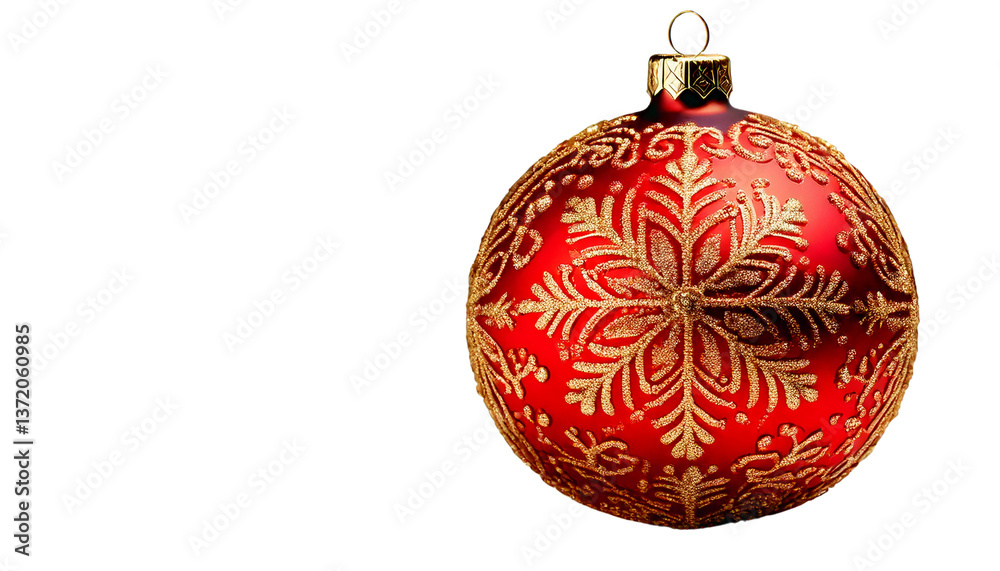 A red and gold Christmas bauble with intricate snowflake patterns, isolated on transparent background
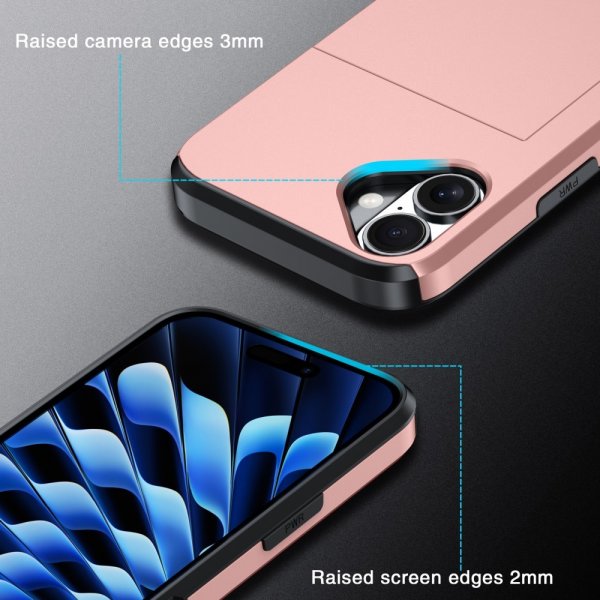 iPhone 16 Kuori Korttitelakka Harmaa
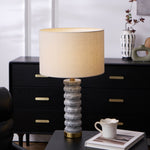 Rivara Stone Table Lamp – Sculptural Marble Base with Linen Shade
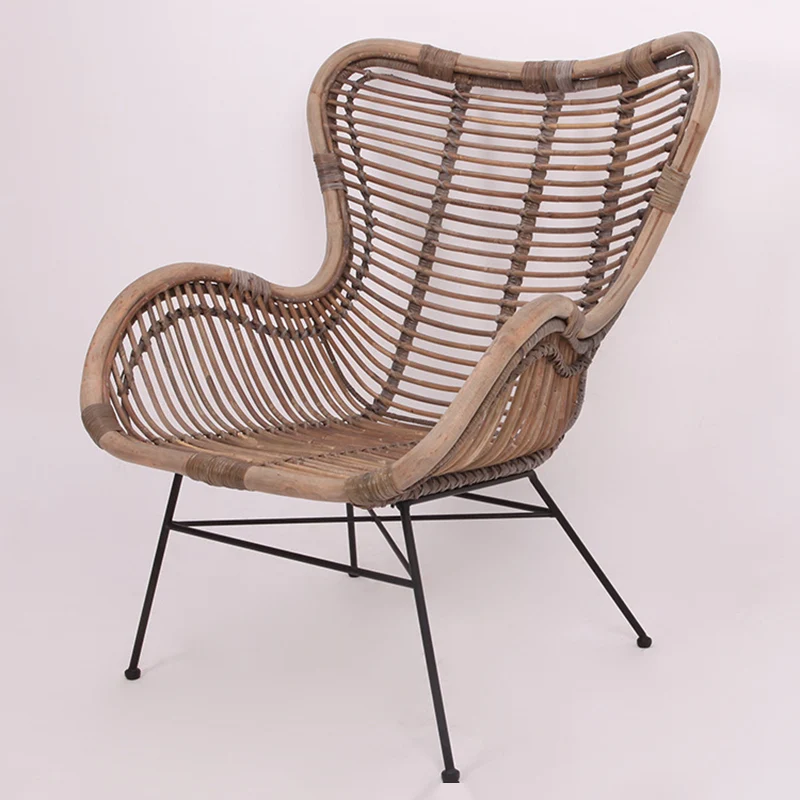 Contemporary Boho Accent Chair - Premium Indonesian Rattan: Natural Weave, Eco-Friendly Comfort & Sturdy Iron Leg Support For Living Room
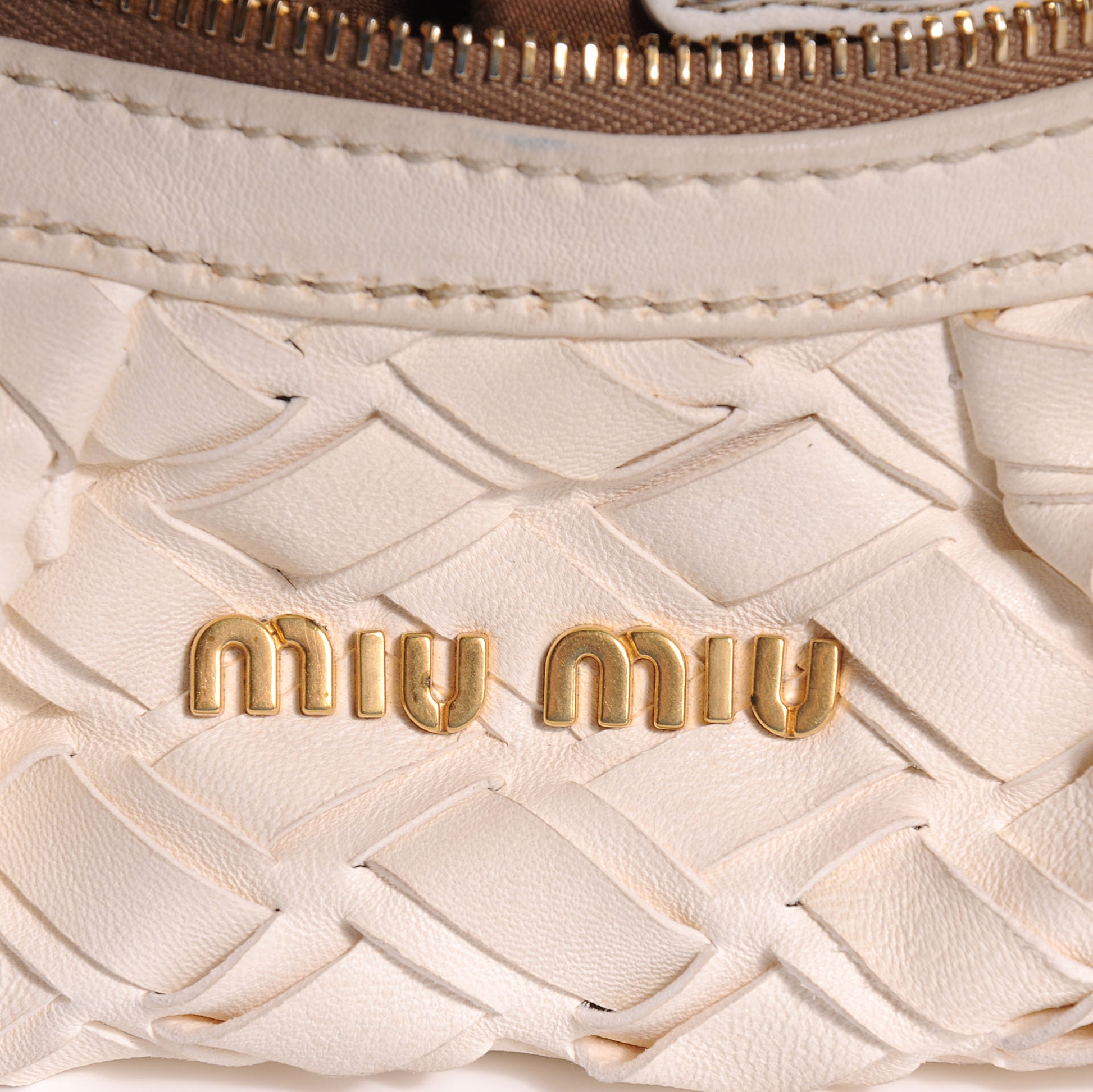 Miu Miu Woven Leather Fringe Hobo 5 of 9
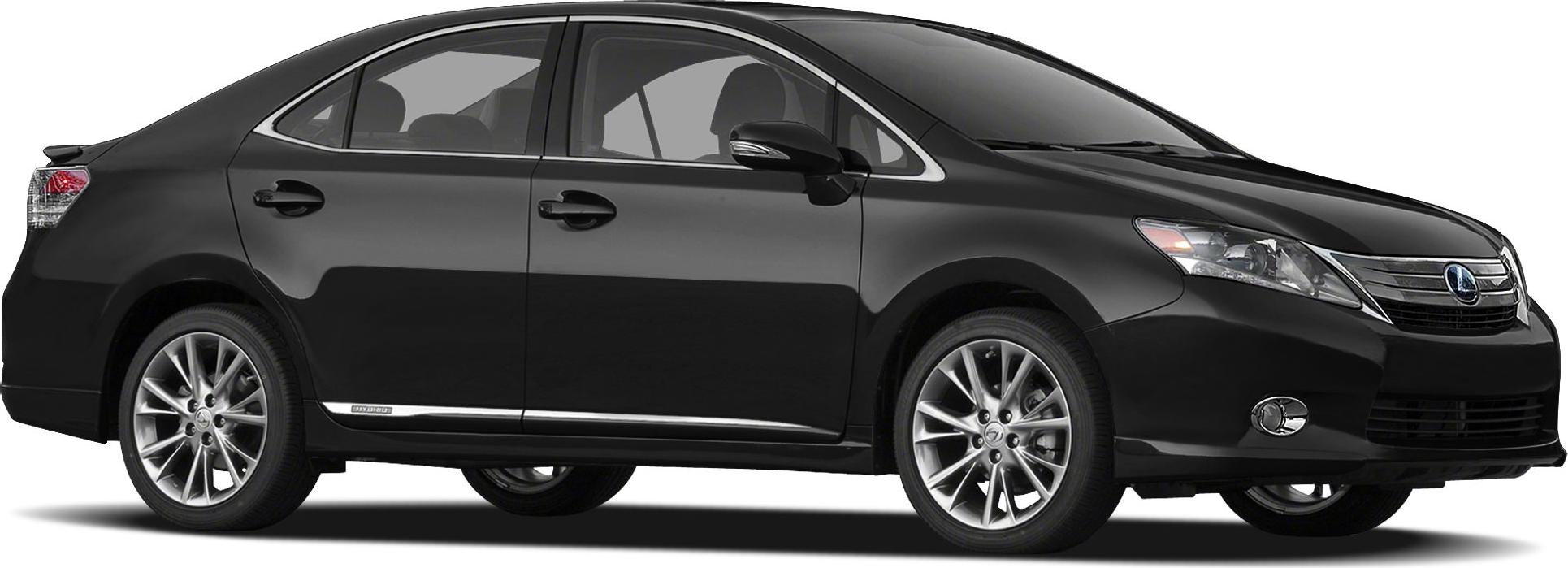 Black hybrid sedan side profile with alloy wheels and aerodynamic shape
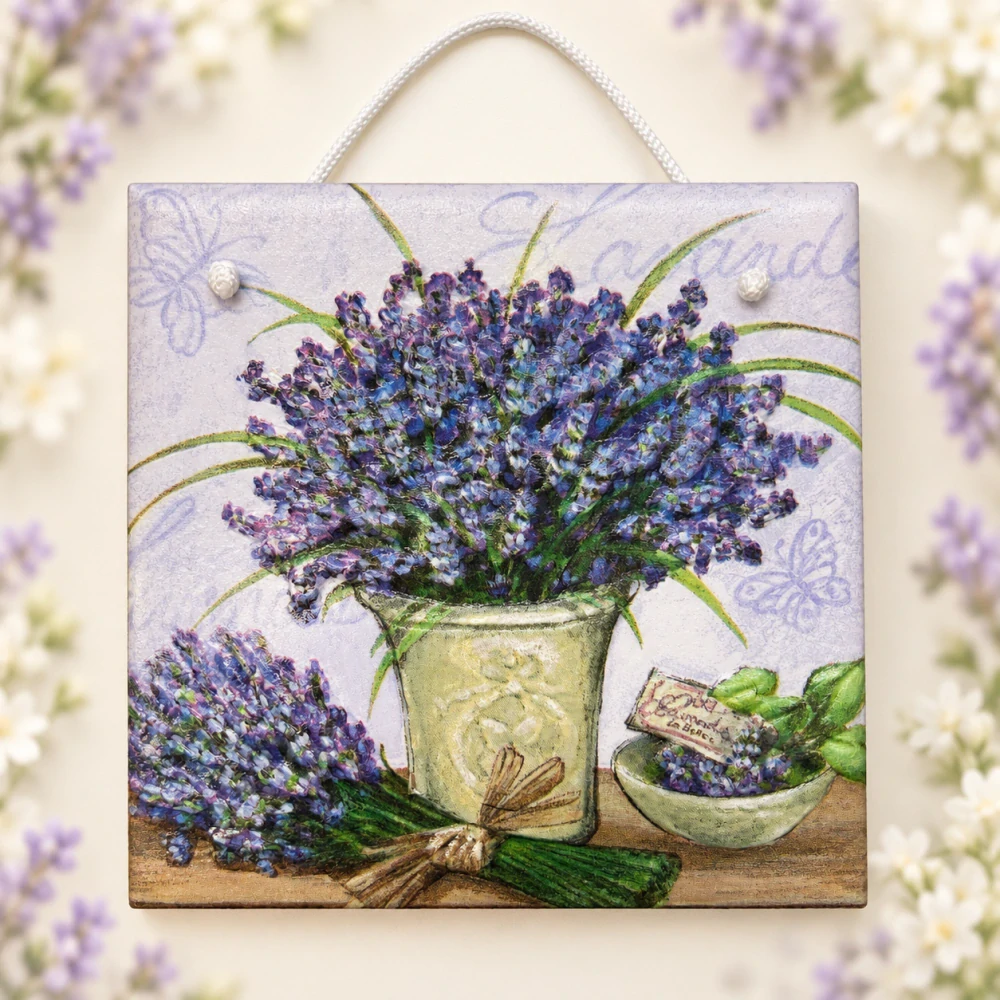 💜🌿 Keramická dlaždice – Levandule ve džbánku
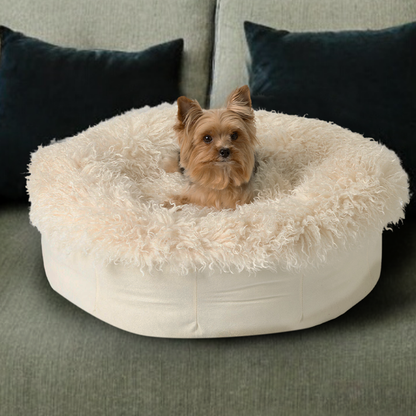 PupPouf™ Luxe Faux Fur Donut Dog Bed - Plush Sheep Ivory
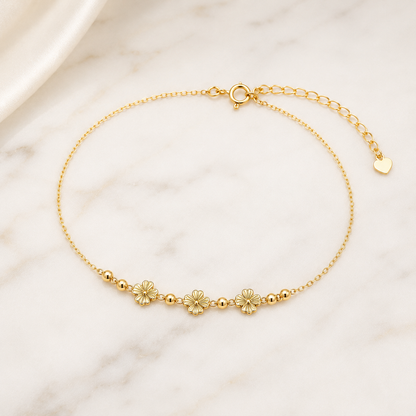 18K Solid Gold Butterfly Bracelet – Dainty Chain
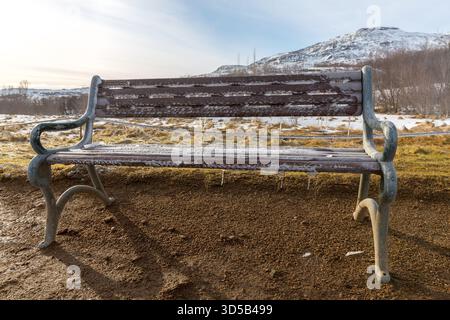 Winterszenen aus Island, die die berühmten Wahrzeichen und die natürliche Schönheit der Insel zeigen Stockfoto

▶ _Problem description_
Every line of the material is to be quoted exactly, with no pictures carried over.

▶ _Reply_
 A red and gold Christmas bauble with intricate snowflake patterns, isolated on transparent background
 iPhone 16 Kuori Korttitelakka Harmaa
 Rivara Stone Table Lamp – Sculptural Marble Base with Linen Shade
 Contemporary Boho Accent Chair - Premium Indonesian Rattan: Natural Weave, Eco-Friendly Comfort & Sturdy Iron Leg Support For Living Room
 Miu Miu Woven Leather Fringe Hobo 5 of 9
 Black hybrid sedan side profile with alloy wheels and aerodynamic shape
 💜🌿 Keramická dlaždice – Levandule ve džbánku
 PupPouf™ Luxe Faux Fur Donut Dog Bed - Plush Sheep Ivory
 18K Solid Gold Butterfly Bracelet – Dainty Chain
 Winterszenen aus Island, die die berühmten Wahrzeichen und die natürliche Schönheit der Insel zeigen Stockfoto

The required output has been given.